Tuesday, June 08, 2010

News Summary for June 8th, 2010

++ The Interior Secretariat informed public opinion that on Sunday public security forces peacefully took over the Cananea mine in Sonora, to put an end to a miners strike that had been going on since July 2007, and which the Labor Secretariat had declared illegal in January 2008… The secretariat said that no one was hurt in the operation and that it was legally backed, by the Federal and State Public Prosecutor’s Offices.

++ But miners had another story to tell. A spokesman for the miners, Antonio Navarrete, said that the federal police raid at the Cananea mine left two miners wounded with bullet wounds, two miners went missing and children and women were also hurt in the melee.

++ Deputy Governance Secretary at the Interior Secretariat Roberto Gil Zuarth denied that the operation left people with bullet wounds.

++ And within hours of the operation federal police and miners were clashing on the streets of Cananea… There were no wounded from the clashes.

++ Federal, state and municipal authorities announced the “Everybody for Cananea” program to reactive the mine with an immediate investment of two billion pesos… They offered severance payments to workers six times higher than stipulated by law… Labor Secretary Javier Lozano said that payments to former miners at the Cananea mine would be available immediately.

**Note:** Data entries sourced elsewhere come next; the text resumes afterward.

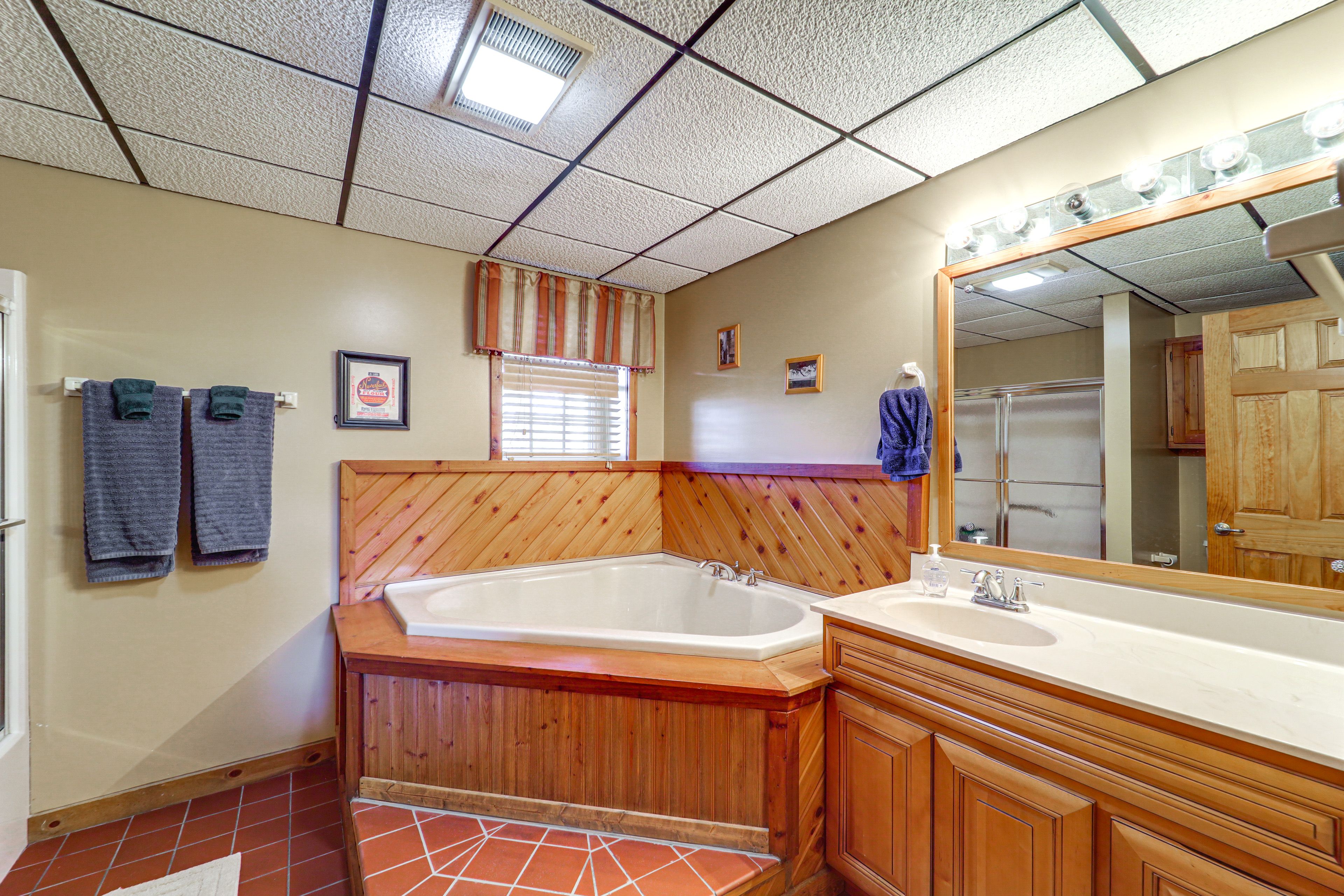 Full Bathroom | Lower Level | Towels Provided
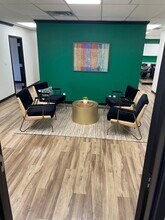 3015 E Skelly Dr, Tulsa, OK for lease Interior Photo- Image 1 of 5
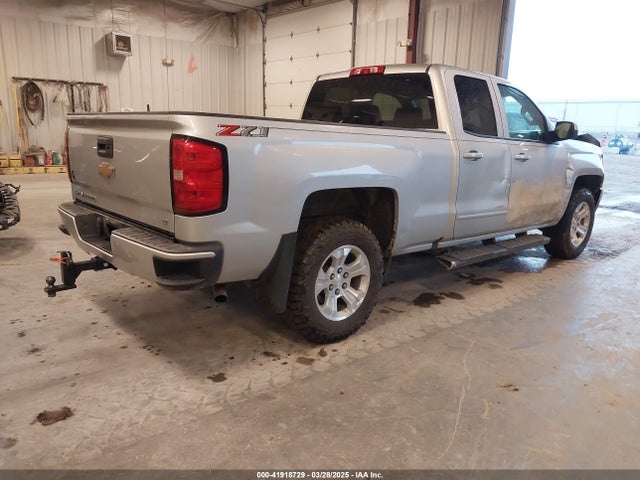 2GCVKRECXJ1111393 Chevrolet Silverado 1500 2lt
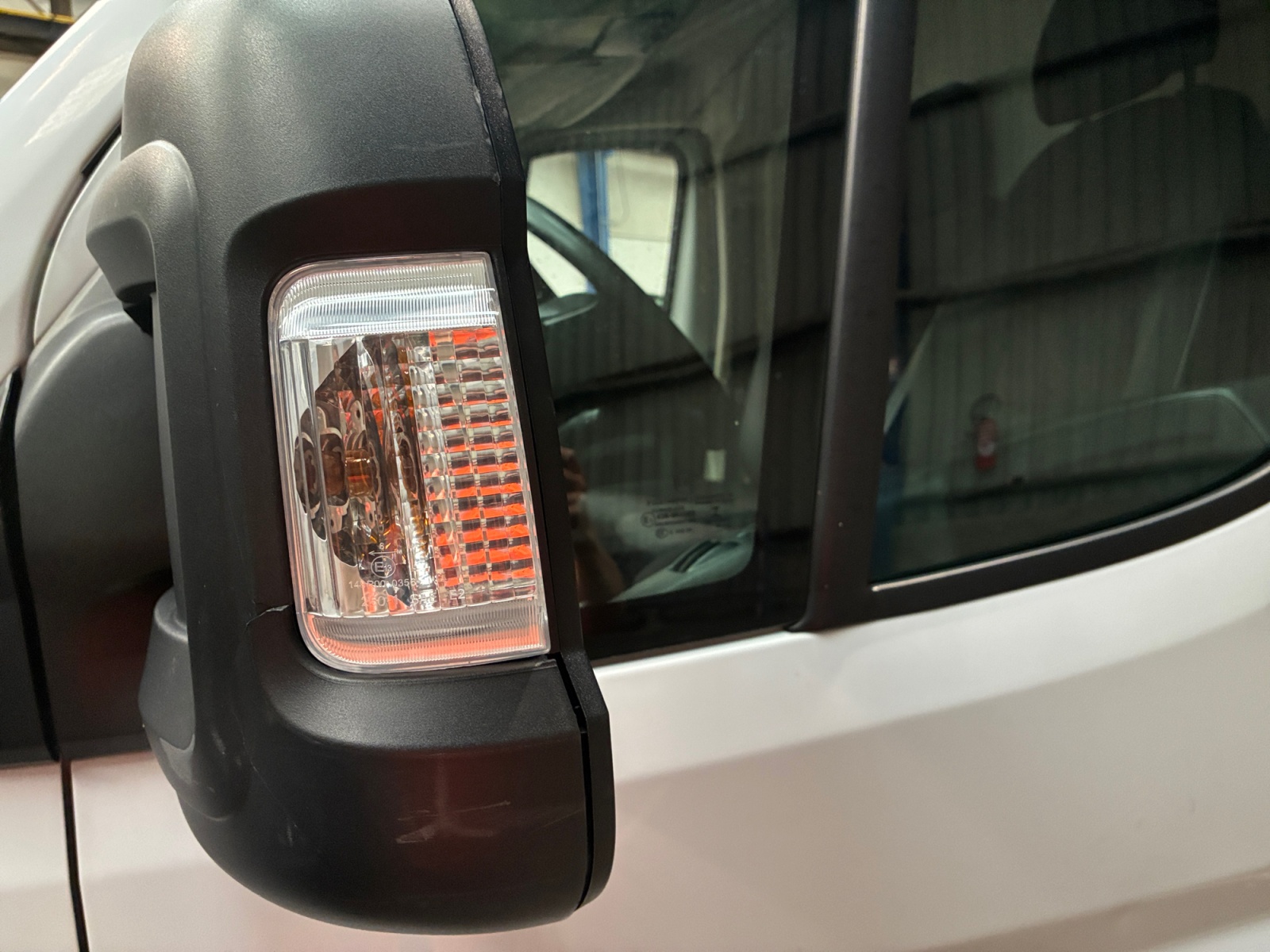 PEUGEOT BOXER FOURGON BOXER TOLE 335 L3H2 BLUEHDI 140 S&S PREMIUM 2021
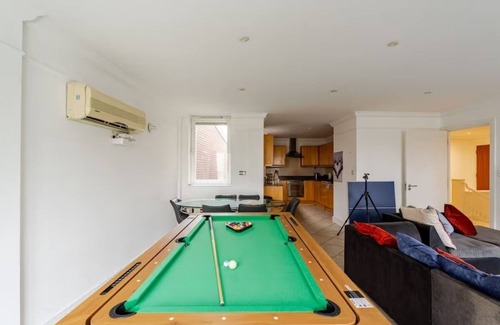 Cathedrals Condo | Shard Views London Penthouse!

++ The leader of a group called Miners Union National Renovation Front, Carlos Pavón, blamed the attack on Cananea on Napoleón Gómez Urrutia, the miners’ leader who fled the country, for failing to reach a civilized agreement to resolve the strike.

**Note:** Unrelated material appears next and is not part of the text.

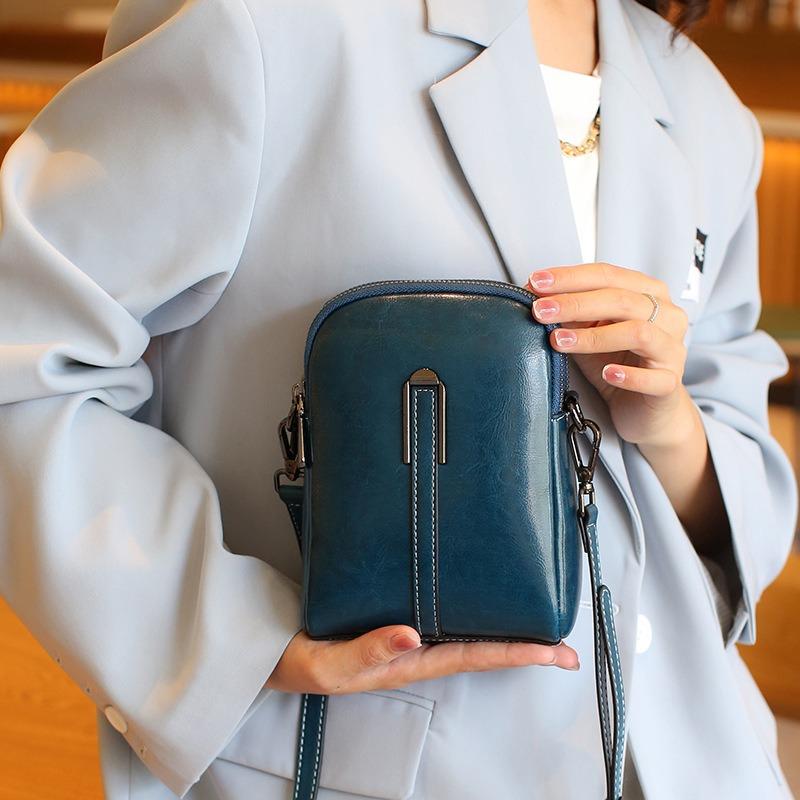 Small bag women's new trendy messenger bag women's shell bag versatile leather women's bag shoulder bag women's mobile phone bag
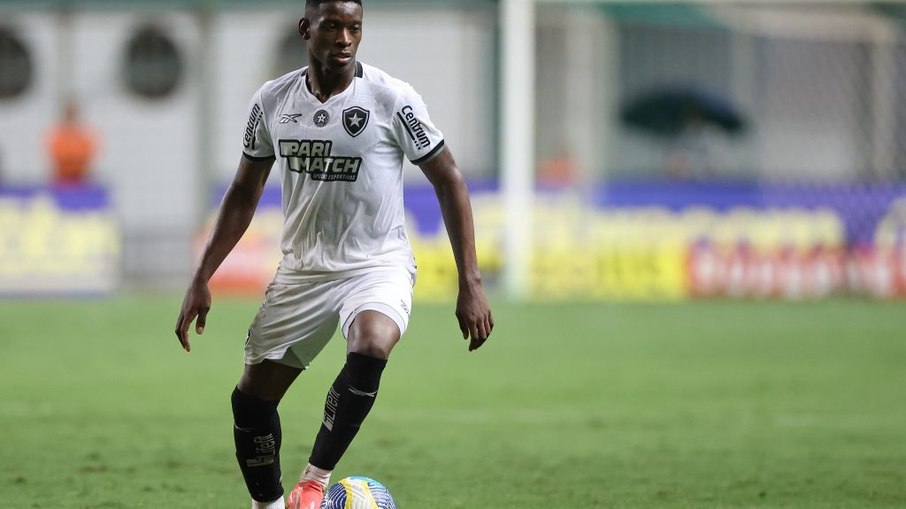 Luiz Henrique é a principal arma do time do Botafogo Luiz Henrique é a principal arma do time do Botafogo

++ The miners union and the electricians’ union broke off talks with the federal government after the operation to end the strike at the Cananea mine.

++ Grupo México, one of the world’s top copper companies, said federal and state authorities in Sonora were revising the Cananea mine to see the harm it might have suffered.

++ Meanwhile, Coahuila police also took over installations at Pasta de Conchos Mine 8 in San Juan de Sabinas, Coahuila.

++ Meanwhile, in an unrelated case, the Guerrero Attorney General’s Office confirmed that 55 bodies had been pulled out of a mine shaft in Taxco, that was some kind of clandestine grave.

++ PRI lawmakers lodged a complaint against President Felipe Calderón with the Special Prosecutor’s Office on Electoral crimes accusing the president of interfering with the election in Oaxaca, by funneling federal funds to the campaign.